The copy must run from the first line of the entries below through the line containing "2022 Ford Transit-350 XLT", restated word for word, with pictures left out.

Segment Open

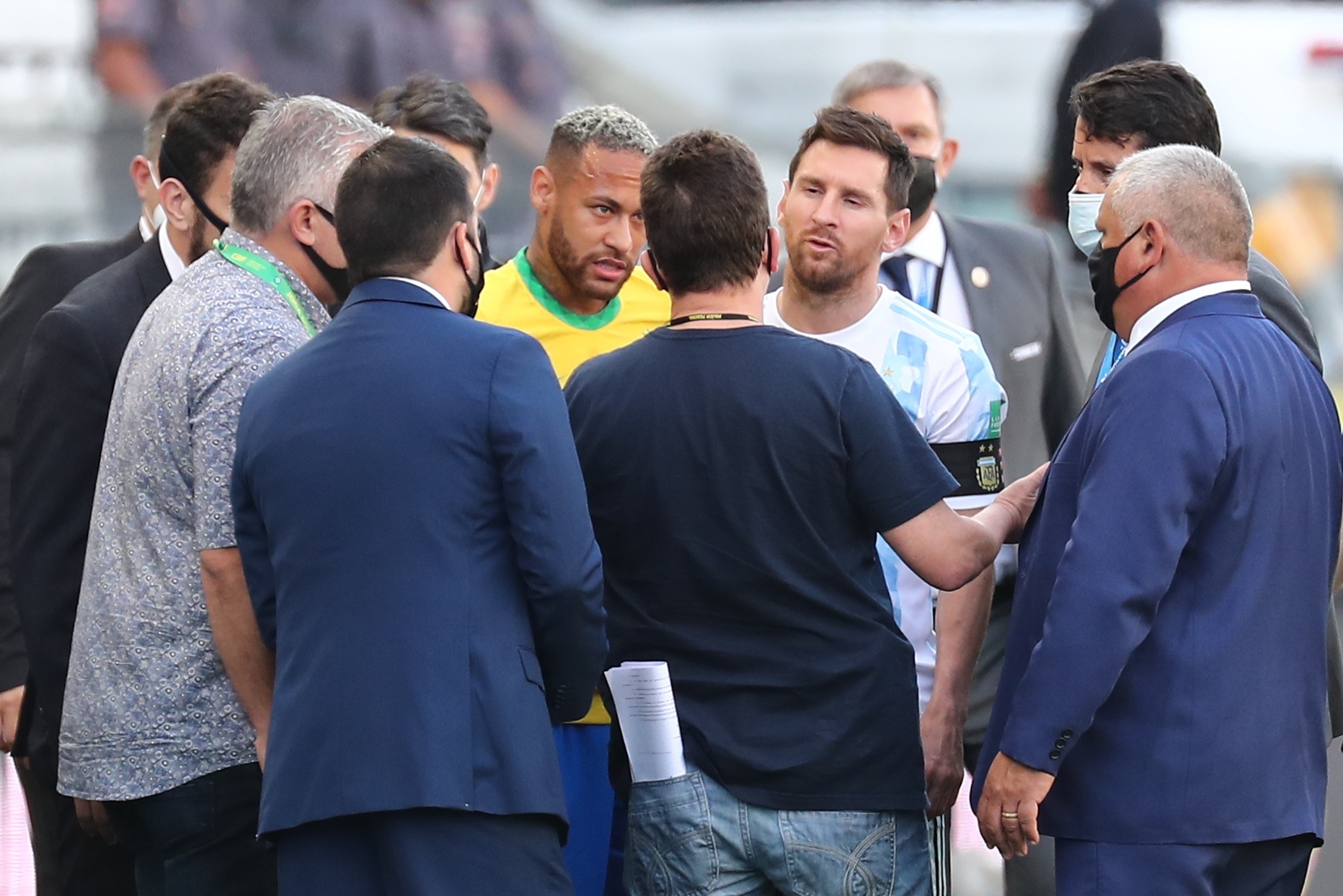Neymar (c-i) de Brasil y Lionel Messi (c-d) de Argentina hablan con funcionarios de salud brasileños este 5 de septiembre del 2021, en un partido de las eliminatorias sudamericanas para el Mundial de Catar 2022 entre las Brasi y Argentina en el estadio Arena de Sao Paulo en Sao Paulo (Brasil). Foto: EFE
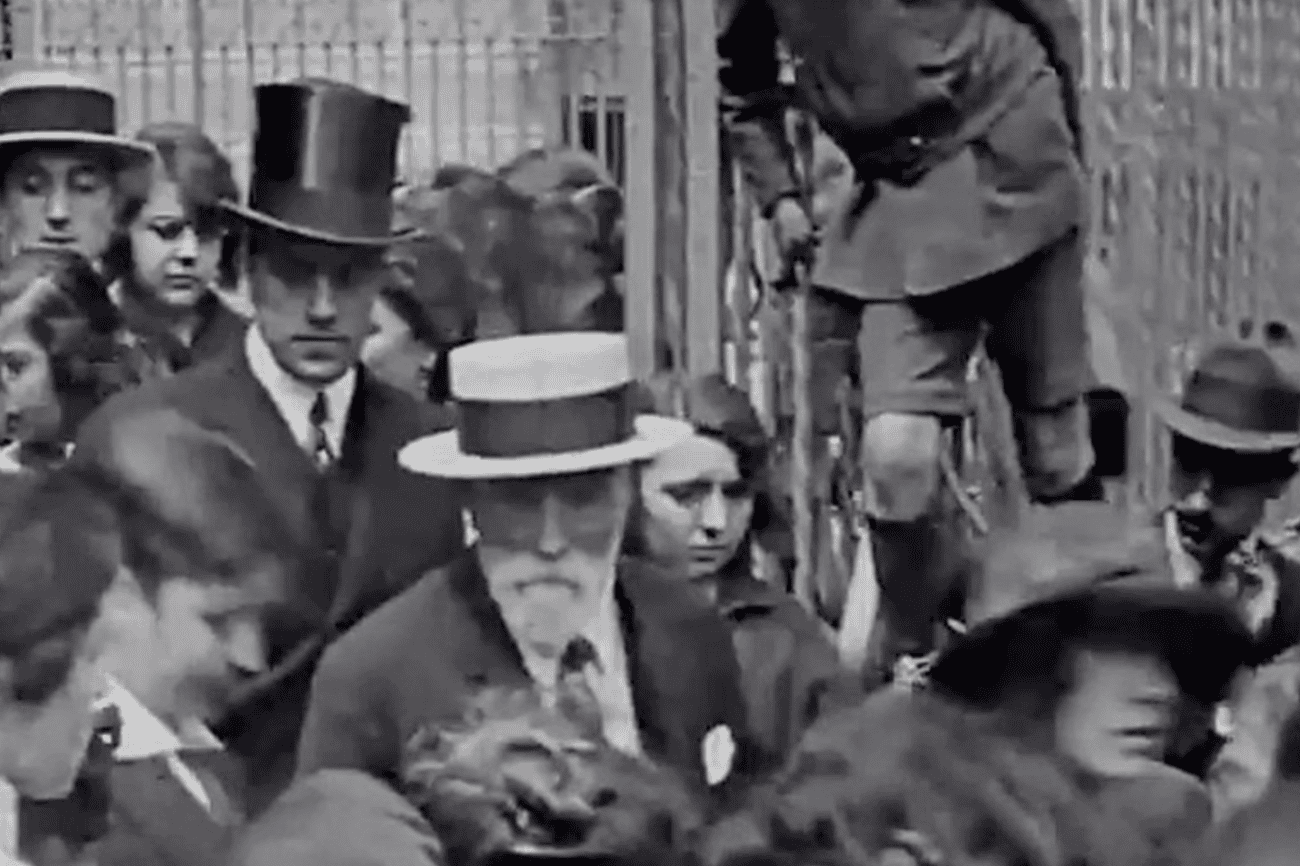 Édition d'une photo historique en noir et blanc représentant un groupe de personnes, dont un homme avec un chapeau haut de forme, dans un contexte artistique ou social.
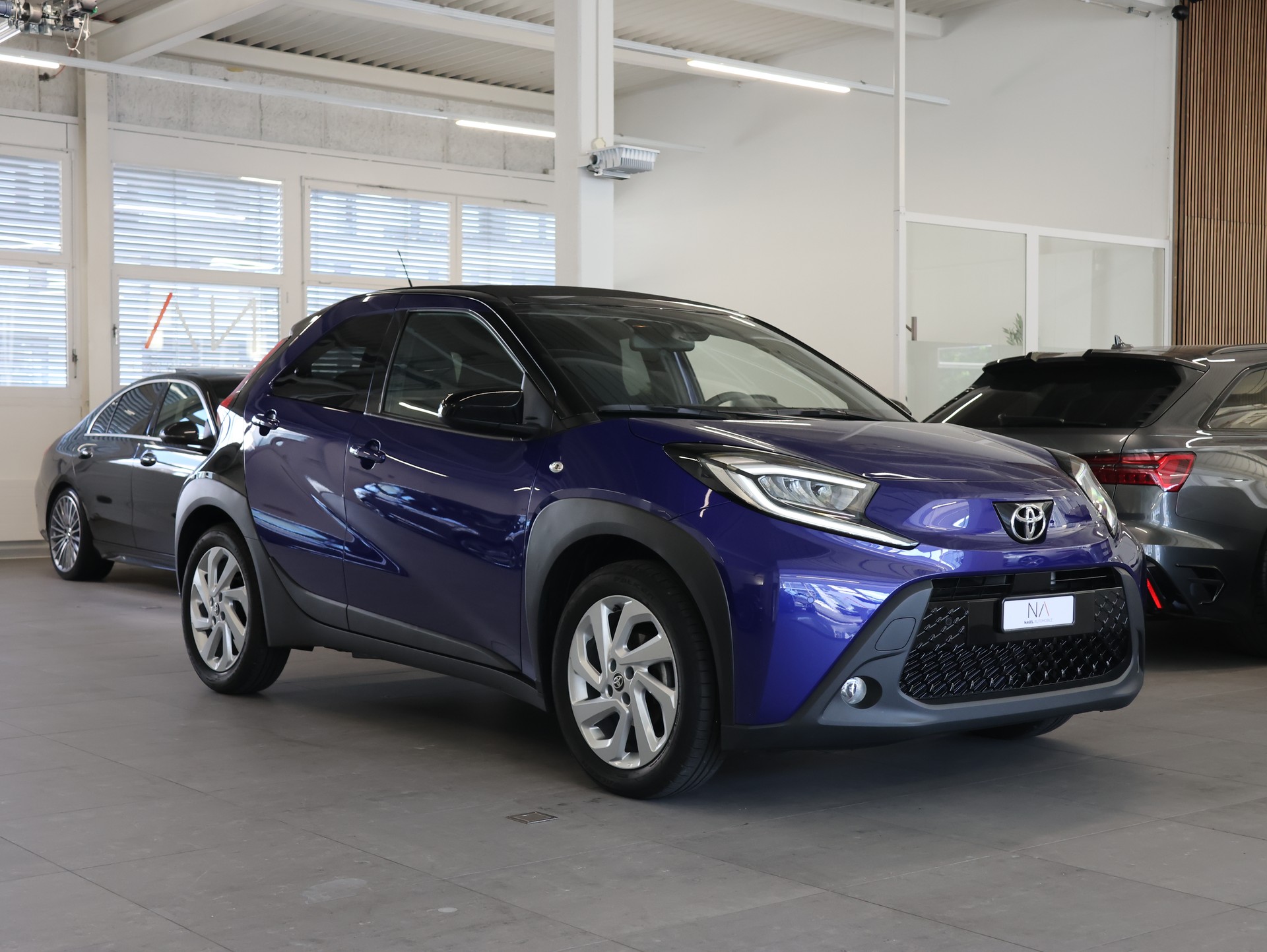 TOYOTA Aygo X 1.0 VVT-i Trend CVT *Sitzheizung* *Rückfahrkamera* *Faltdach*-showroom-element-1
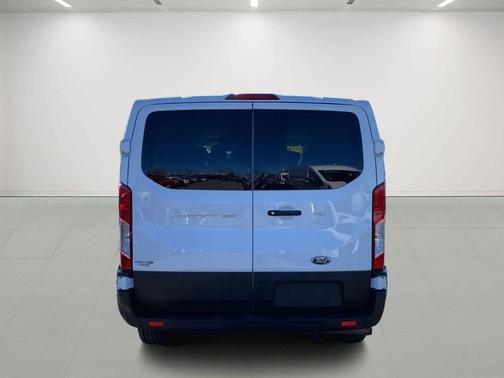 2022 Ford Transit-350 XLT
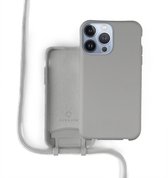 Coverzs Silicone case met koord - Telefoonhoesje met koord - Backcover hoesje met koord - touwtje - geschikt voor Apple iPhone 13 Pro Max - grijs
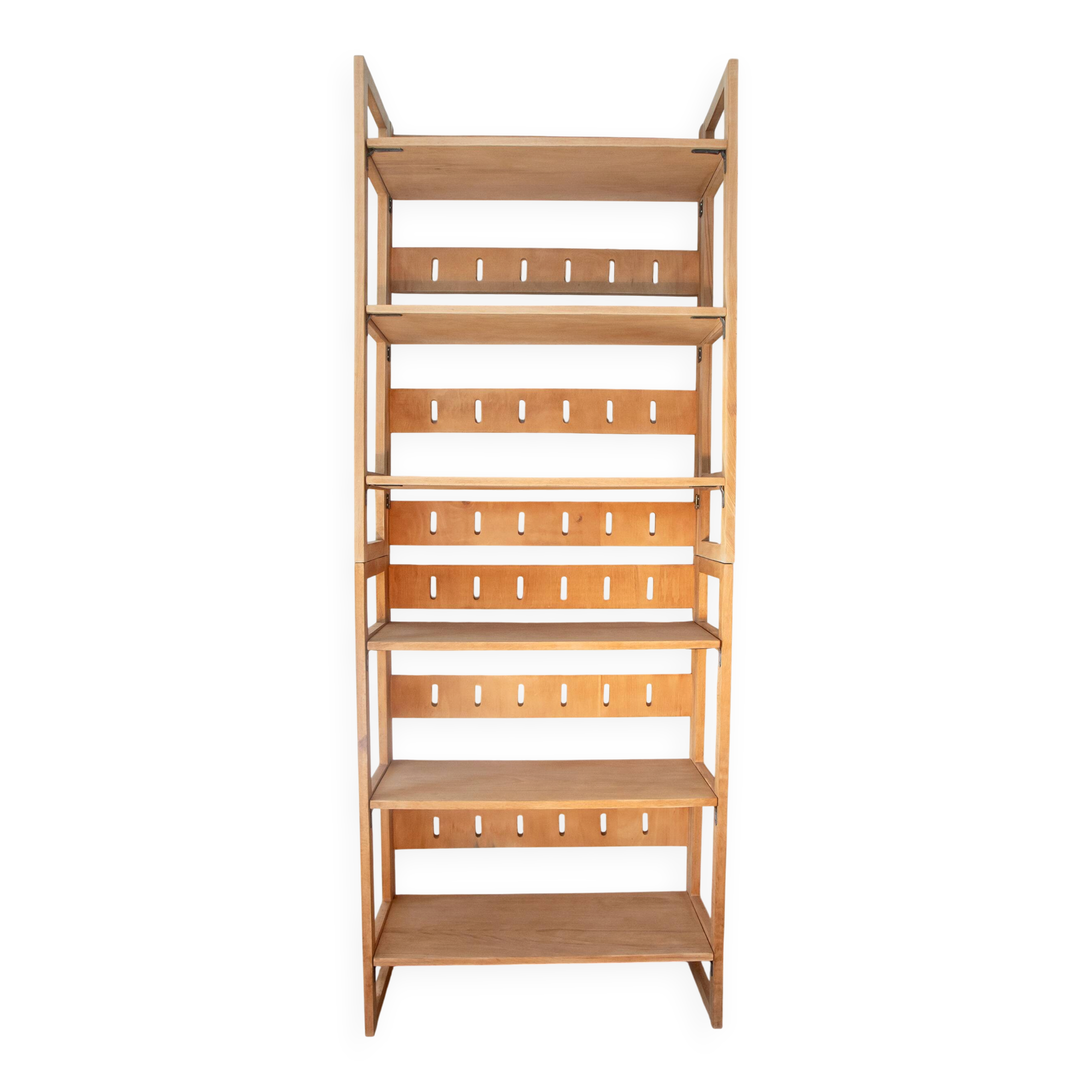 Double folding bookseller shelves from the 1960s.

Segment Closed

» **ANSWER TO THIS PROBLEM**
Neymar (c-i) de Brasil y Lionel Messi (c-d) de Argentina hablan con funcionarios de salud brasileños este 5 de septiembre del 2021, en un partido de las eliminatorias sudamericanas para el Mundial de Catar 2022 entre las Brasi y Argentina en el estadio Arena de Sao Paulo en Sao Paulo (Brasil). Foto: EFE
 Édition d'une photo historique en noir et blanc représentant un groupe de personnes, dont un homme avec un chapeau haut de forme, dans un contexte artistique ou social.
 TOYOTA Aygo X 1.0 VVT-i Trend CVT *Sitzheizung* *Rückfahrkamera* *Faltdach*-showroom-element-1
 2022 Ford Transit-350 XLT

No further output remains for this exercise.